Zerdüşt, “Kin ruhu: Dostlarım, insanları şimdiye kadar en çok düşündüren buydu. Ve acı olan her yerde ceza bulunmalıydı. Bu ceza, intikamın kendi kendisine verdiği addır. O, bu yalan söze sığınarak iyi vicdanlı görünmek ister” buyurmuştu ama radikal Kürt hareketi bu kini can yakıcı bir biçimde yansıtıyor. Son dönemde Suriye’de olanlar ve Nusra ile PYD arasında yaşananlar, özellikle doğuda yaşayan gençlerin kutuplaşmasına sebep olmaktadır. Van’da Özgür-Der’e yapılan molotoflu saldırı, bunun ilk işaretleridir. PYD’nin dile getirdiği “katliam” söyleminin Esad’ın yapmış olduğunun ortaya çıkmasına rağmen yapılanlar hayra alamet görünmemektedir. Dindar gençler ve HDP gençliği arasında yaşanan gerginlik hemen her yerde hissedilmektedir,Azadiya Welat gazetesinin atmış olduğu manşet ise bu durumun ikinci işareti sayılabilir. Bu kin duygusu bazı yaraları yeniden açabilir, özellikle de bu kinin, din ile alakalı olduğunda ilk akla gelen Hizbullah-PKK karşıtlığıdır ve maalesef Hizbullah gençliği de yavaş yavaş olaylara karışmaya başlamaktadır. Kindarlığın din boyutu belki de en tehlikeli sosyolojik olgu gibi görülebilir. Radikal Kürt hareketi gençliğinin bu türden kışkırtıcı tavırlar izlemesi Zerdüşt’ün dediği gibi bizi de “en çok düşündüren” durumdur. Hâlbuki Zerdüşt böyle buyurmamıştı...
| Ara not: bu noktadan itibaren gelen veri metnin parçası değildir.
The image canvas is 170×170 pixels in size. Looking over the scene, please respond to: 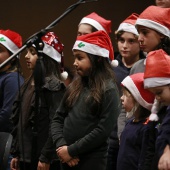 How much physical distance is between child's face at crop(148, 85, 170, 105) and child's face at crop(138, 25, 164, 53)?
49 cm

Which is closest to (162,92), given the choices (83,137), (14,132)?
(83,137)

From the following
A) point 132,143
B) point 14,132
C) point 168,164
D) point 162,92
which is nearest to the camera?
point 168,164

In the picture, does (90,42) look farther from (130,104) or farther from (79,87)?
(130,104)

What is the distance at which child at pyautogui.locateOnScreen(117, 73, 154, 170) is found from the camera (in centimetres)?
246

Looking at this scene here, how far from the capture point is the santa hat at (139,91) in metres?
2.55

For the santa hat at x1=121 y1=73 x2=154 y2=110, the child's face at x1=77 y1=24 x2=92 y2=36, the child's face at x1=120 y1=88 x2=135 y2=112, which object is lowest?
the child's face at x1=120 y1=88 x2=135 y2=112

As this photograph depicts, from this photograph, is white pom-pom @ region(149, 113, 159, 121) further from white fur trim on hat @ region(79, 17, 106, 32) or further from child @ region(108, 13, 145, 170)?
white fur trim on hat @ region(79, 17, 106, 32)

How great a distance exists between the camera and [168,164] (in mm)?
2160

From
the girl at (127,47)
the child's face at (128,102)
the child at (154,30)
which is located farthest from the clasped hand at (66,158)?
the girl at (127,47)

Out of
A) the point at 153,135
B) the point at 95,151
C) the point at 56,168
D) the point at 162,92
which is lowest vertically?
the point at 56,168

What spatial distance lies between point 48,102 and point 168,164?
1129 millimetres

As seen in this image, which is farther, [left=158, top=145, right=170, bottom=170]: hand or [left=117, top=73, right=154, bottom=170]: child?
[left=117, top=73, right=154, bottom=170]: child

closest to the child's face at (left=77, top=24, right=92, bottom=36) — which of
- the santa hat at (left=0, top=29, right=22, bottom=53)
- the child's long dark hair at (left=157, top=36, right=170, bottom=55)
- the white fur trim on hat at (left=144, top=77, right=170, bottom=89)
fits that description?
the santa hat at (left=0, top=29, right=22, bottom=53)

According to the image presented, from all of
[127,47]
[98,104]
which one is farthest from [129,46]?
[98,104] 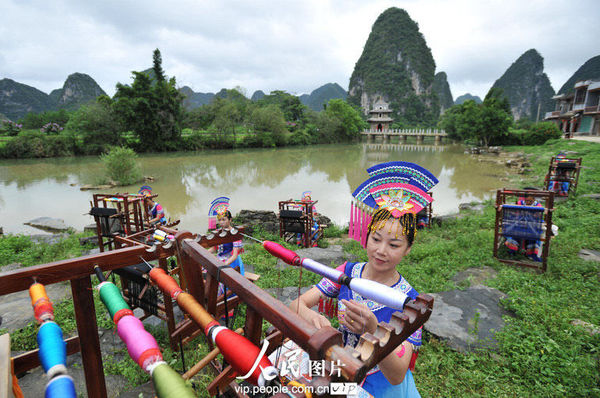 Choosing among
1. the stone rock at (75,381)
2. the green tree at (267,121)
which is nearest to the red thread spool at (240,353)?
the stone rock at (75,381)

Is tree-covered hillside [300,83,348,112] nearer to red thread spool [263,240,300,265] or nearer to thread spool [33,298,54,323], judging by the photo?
red thread spool [263,240,300,265]

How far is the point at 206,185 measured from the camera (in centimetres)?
1767

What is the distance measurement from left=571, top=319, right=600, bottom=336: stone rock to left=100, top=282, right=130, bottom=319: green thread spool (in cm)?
484

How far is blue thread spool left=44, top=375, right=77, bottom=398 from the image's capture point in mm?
795

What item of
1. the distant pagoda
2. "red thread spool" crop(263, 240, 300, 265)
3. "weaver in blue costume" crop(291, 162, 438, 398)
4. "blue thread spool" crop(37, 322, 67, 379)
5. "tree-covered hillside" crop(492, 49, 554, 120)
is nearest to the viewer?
"blue thread spool" crop(37, 322, 67, 379)

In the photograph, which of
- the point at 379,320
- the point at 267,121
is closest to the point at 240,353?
the point at 379,320

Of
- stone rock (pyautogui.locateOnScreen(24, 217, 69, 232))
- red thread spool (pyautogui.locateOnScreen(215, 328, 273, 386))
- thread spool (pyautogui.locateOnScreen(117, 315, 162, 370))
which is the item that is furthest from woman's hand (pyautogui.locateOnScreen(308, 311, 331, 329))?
stone rock (pyautogui.locateOnScreen(24, 217, 69, 232))

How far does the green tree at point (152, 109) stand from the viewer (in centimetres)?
3131

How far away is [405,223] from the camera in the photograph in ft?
6.21

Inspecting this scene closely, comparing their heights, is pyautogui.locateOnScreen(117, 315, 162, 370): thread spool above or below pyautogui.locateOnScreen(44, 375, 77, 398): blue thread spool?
above

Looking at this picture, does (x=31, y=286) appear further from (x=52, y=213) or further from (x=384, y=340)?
(x=52, y=213)

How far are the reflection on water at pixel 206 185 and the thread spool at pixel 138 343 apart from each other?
9097 millimetres

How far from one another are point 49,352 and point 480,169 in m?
27.6

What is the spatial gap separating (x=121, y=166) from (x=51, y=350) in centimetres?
1923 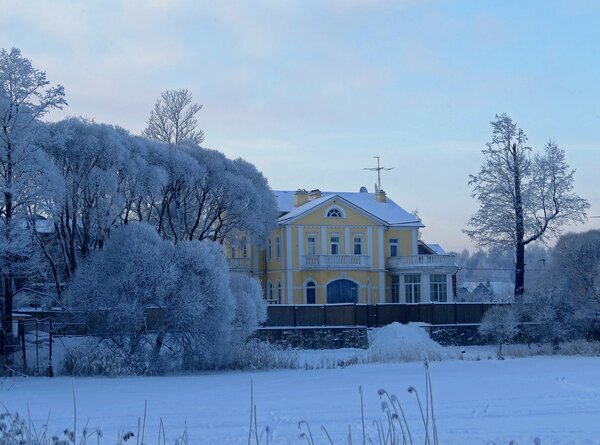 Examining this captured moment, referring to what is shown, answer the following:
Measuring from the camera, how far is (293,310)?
3991 cm

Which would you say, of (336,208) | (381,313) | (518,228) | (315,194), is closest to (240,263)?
(336,208)

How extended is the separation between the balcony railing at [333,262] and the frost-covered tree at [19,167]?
23.9 metres

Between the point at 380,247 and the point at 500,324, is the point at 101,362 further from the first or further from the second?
the point at 380,247

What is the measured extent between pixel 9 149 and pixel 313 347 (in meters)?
17.9

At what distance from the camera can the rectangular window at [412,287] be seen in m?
50.4

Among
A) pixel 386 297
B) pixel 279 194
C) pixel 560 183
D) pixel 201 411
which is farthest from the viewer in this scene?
pixel 279 194

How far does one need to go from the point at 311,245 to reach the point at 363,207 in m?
4.71

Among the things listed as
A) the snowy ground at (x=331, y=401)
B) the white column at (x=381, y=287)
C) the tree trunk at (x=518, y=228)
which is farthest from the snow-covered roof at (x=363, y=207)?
the snowy ground at (x=331, y=401)

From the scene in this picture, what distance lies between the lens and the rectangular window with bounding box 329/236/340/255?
5109 cm

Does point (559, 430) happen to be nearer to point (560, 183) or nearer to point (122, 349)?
Result: point (122, 349)

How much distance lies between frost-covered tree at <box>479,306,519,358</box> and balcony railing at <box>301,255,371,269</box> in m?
12.1

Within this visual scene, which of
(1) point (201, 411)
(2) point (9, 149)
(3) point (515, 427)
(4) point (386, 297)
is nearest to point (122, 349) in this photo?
(2) point (9, 149)

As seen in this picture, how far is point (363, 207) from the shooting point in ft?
174

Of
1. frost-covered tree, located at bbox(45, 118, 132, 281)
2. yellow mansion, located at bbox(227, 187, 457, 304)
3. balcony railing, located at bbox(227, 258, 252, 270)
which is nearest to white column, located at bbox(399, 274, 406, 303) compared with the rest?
yellow mansion, located at bbox(227, 187, 457, 304) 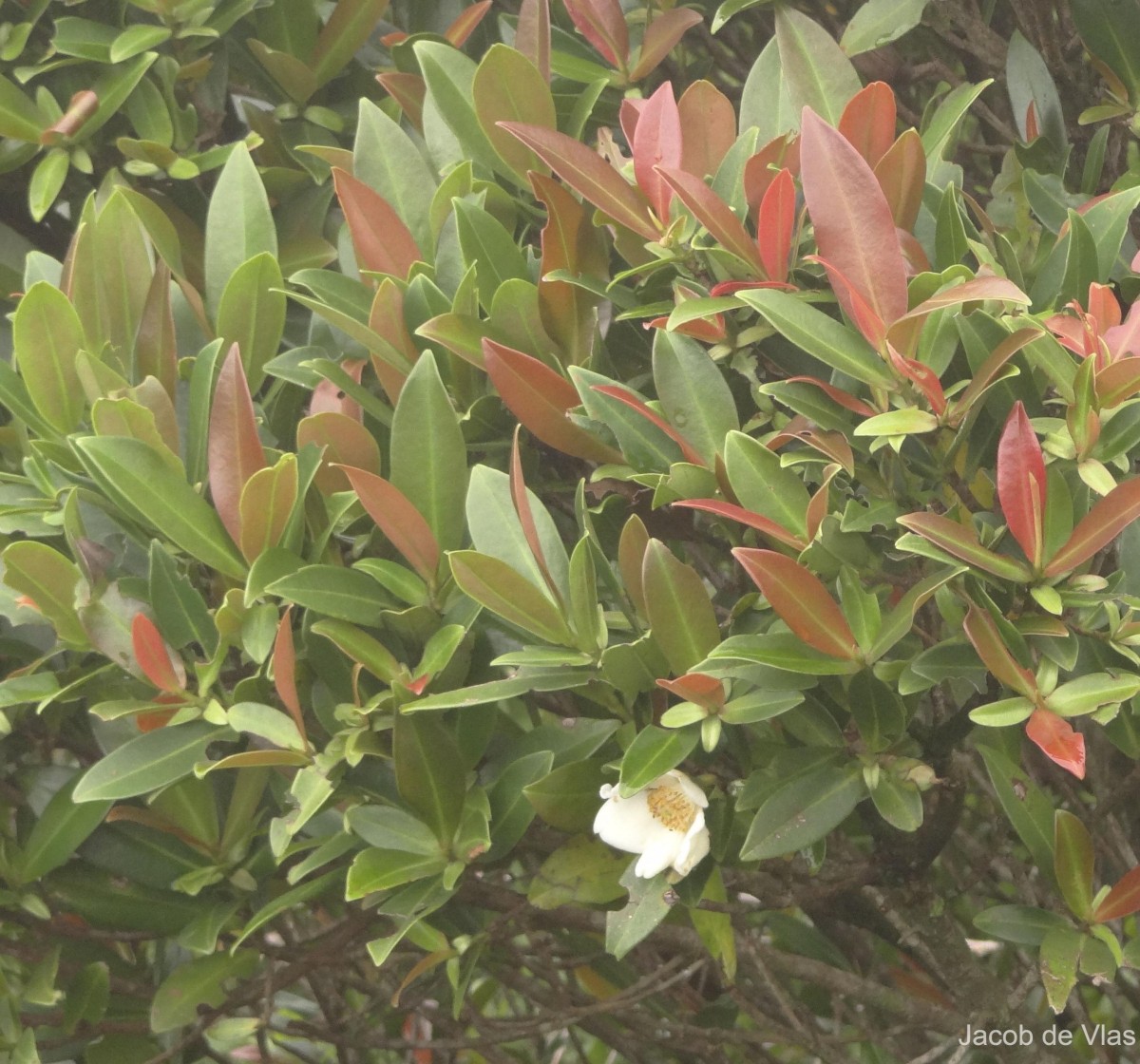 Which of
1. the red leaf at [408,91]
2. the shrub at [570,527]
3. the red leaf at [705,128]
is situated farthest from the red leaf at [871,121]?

Zerdüşt, “Onun için ağınızı koparıyorum ki öfkeniz sizi yalancılık mağaranızdan çıkarsın” buyurmuştu ama HDP ve KESK’in, Rojava olayını anmak için kullandığı fotoğrafın, Erzurum depremindeki foto olduğu ortaya çıkınca yeniden samimiyet tartışılır oldu. HDP’ye güvenen Kürtlerin, sonrası malum bu türden olaylarla zor durumda bırakılması açıkçası hoş bir durum değildi. Çandar’ın yaklaşımı olan Öcalan ve Başbakan diyalektiği önemli bir tesbittir ama HDP gençliğinin bu sürece ne kadar sadık kalacağı da başka bir problem olarak algılanabilir, çünkü daha geçenlerde Demirtaş mikrofonun açık kaldığı bir programda “kontrolümüzde olmayan gruplar” diye telaffuz ettiği bir cümleyle bu gerçeği istemeden ortaya koymuştur. Zerdüşt’ün dillendirdiği samimiyet burada da eksik görülüyordu. Hâlbuki Zerdüşt böyle buyurmamıştı...
SONUÇ YERİNE
Öcalan, Bir Halkı Savunmak adlı çalışmasında şu ifadelere yer verir: “Derweşê Avdi Destanı bu çatışmaların destanıdır. Bu, Zerdeşti kökenlikte ısrar eden ve güçlü Kürt kültürel izleri taşıyan bir destandır. 18. yüzyılda yaşadığı tahmin edilmektedir. İslamiyet ortamında Zerdeştlik bir nevi kültür direnişçiliğidir. Kürt kültürünün yabancılaşmaya karşı soylu bir direnişidir. Zayıf ve Hz. Ali yanlısı bir İslami örtüye bürünmüş Kürt Aleviliği de Zerdeştilikten sonra en güçlü Kürt kültür direnişçiliğidir; Kürtlerdeki Şialıktır. Buna karşılık, özellikle ovaya yakın Güney Kürtlerinde gelişen Sünni İslamı en gerici ve işbirlikçi karakterde gelişmiştir. Kültürel soyunu inkâr eden feodal-tüccar zihniyetin bu güçlü temsilcileri, özellikle Urfa, Mardin, Siirt kent ve yakın yörelerinde süper bir ihanet içerisindedirler. Müthiş işbirlikçi ve çıkarcıdırlar. İran etkisi altındaki Kürtlerde bozulma daha az olmuştur. Ulusal kültürel özlerini daha otantik yapılarıyla korumaktadırlar.” Öcalan, çalışmalarında Zerdüştlüğü Kürtler için bir önemli bir sosyolojik ve felsefi varoluş olarak görmüş, özellikle direniş kavramını Kürtler ve Zerdüştlük ile birlikte anmıştır. O, “Birliği tam yaptık. Yezidiler de, yani Zerdüştiler de hep PKK’nin içindedir. PKK, insani bir harekettir” derken asıl önemli olan hem dinî hem de sosyolojik gerçekliği unutmuştur. Zerdüşt’ü gerçekten anlamak Sühreverdiye sabretmek gibidir. Zerdüşt, “öldürün de buyurmamıştır”...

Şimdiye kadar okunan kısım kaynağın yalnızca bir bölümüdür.